Trump rapisce Maduro, minaccia la Groenlandia, i titoli della difesa volano del 100%. Eppure la maggior parte degli americani, se interpellati, direbbero di essere più preoccupati del prezzo del latte che delle riserve petrolifere venezuelane. Siamo in una fase paradossale: i mercati celebrano ogni destabilizzazione geopolitica come un'opportunità, mentre chi ha votato per il cambiamento vede il suo tasso di approvazione scendere sotto il 40%. La domanda non è se queste mosse siano strategiche, ma per chi lo siano davvero.
Cosa succede quando finiscono i soldi del PNRR? A giugno 2026 si chiude il rubinetto dei fondi europei, e senza quell'iniezione il PIL italiano sarebbe stato negativo. Non è un problema solo nostro: tutta Europa deve decidere se diventare davvero unita - fiscalmente, militarmente, infrastrutturalmente - o sgretolarsi in 27 paesi separati, proprio come vogliono gli Stati Uniti.
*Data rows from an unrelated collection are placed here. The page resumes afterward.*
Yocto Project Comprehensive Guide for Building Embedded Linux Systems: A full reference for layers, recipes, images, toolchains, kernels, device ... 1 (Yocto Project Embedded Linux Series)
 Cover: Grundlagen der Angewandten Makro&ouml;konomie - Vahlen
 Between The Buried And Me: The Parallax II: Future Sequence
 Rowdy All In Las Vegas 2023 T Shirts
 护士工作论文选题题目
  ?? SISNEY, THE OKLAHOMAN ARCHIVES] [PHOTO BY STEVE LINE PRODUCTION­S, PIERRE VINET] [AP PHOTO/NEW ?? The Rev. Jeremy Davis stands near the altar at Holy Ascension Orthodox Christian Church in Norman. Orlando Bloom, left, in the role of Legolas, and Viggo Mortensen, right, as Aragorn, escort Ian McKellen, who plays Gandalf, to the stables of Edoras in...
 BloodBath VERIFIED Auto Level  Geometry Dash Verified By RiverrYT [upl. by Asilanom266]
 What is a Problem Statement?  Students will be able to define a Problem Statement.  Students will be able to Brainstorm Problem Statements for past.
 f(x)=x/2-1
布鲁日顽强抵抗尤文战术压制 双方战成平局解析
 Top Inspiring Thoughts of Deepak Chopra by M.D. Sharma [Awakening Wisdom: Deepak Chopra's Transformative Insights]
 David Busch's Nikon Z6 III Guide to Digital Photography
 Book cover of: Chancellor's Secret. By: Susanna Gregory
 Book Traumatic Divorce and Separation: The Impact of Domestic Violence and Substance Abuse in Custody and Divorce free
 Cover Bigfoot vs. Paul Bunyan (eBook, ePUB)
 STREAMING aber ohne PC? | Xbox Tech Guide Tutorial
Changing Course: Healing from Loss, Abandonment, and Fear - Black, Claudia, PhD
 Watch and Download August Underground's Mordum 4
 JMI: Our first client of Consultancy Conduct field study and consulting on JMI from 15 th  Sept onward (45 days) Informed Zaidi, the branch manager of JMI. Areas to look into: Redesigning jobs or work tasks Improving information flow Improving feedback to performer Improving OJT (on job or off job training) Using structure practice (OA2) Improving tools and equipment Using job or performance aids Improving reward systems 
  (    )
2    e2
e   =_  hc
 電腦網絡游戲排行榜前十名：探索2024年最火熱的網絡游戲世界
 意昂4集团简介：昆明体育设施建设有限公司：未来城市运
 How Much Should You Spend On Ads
Nel frattempo i mercati vivono di aspettative: GTA VI costerà 2 miliardi e ne incasserà 8, Musk promette auto volanti, Warren Buffett si ritira a 95 anni, e i CDS di Oracle superano i livelli del 2008. Tutti parlano di bolla AI, ma nessuno vuole scendere dalla giostra. La speranza? Che dopo vent'anni di salari fermi, il 2026 sia finalmente l'anno dell'aumento reale.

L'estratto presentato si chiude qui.